## Directions
For the entries that appear below, write out the exact text and omit the pictures.

## Records
- Opening Delimiter -

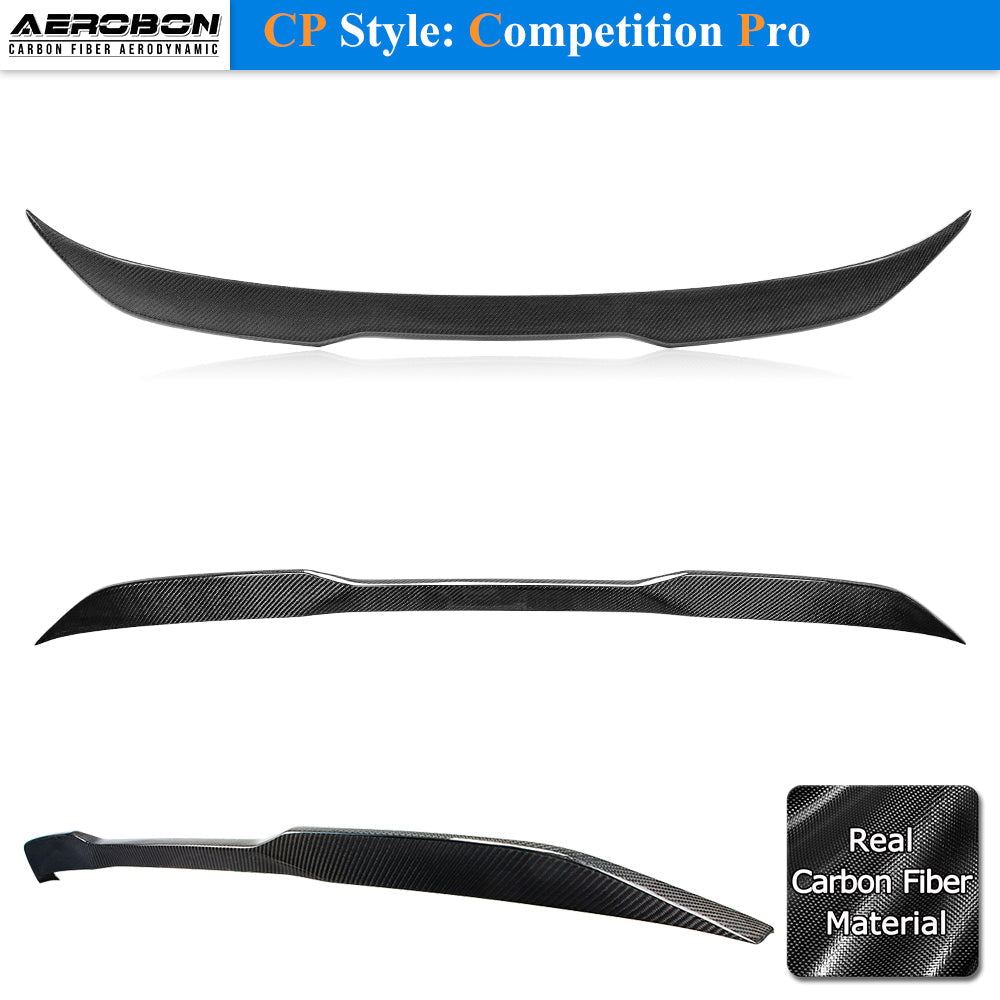 AeroBon Real Carbon Fiber Trunk Spoiler Compatible with 2013-2020 BMW 4 Series F32 Coupe Spoiler (CP Style)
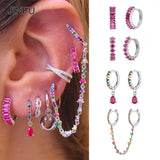 CZ Zircon Initial Chain Earrings Set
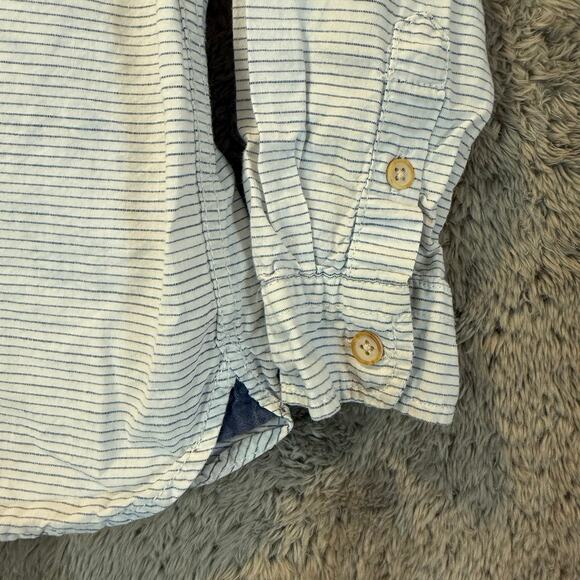 Zara Boys Sz 6 Striped Collarless Mandarin Collar Button Down Shirt Blue White - Picture 8 of 10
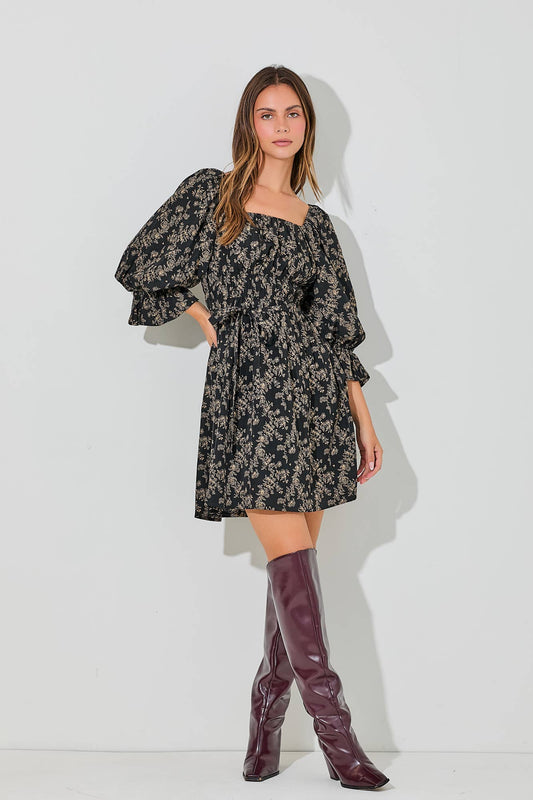 ELASTIC WAIST MINI DRESS: BLACK BD5740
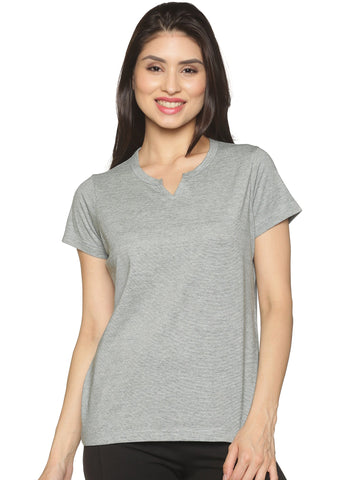 Women's rPET with Recycled Cotton Lazy Round Neck TShirt - Bottle Green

- Closing Delimiter -

## Written solution
 AeroBon Real Carbon Fiber Trunk Spoiler Compatible with 2013-2020 BMW 4 Series F32 Coupe Spoiler (CP Style)
 CZ Zircon Initial Chain Earrings Set
 Zara Boys Sz 6 Striped Collarless Mandarin Collar Button Down Shirt Blue White - Picture 8 of 10
 ELASTIC WAIST MINI DRESS: BLACK BD5740
 Women's rPET with Recycled Cotton Lazy Round Neck TShirt - Bottle Green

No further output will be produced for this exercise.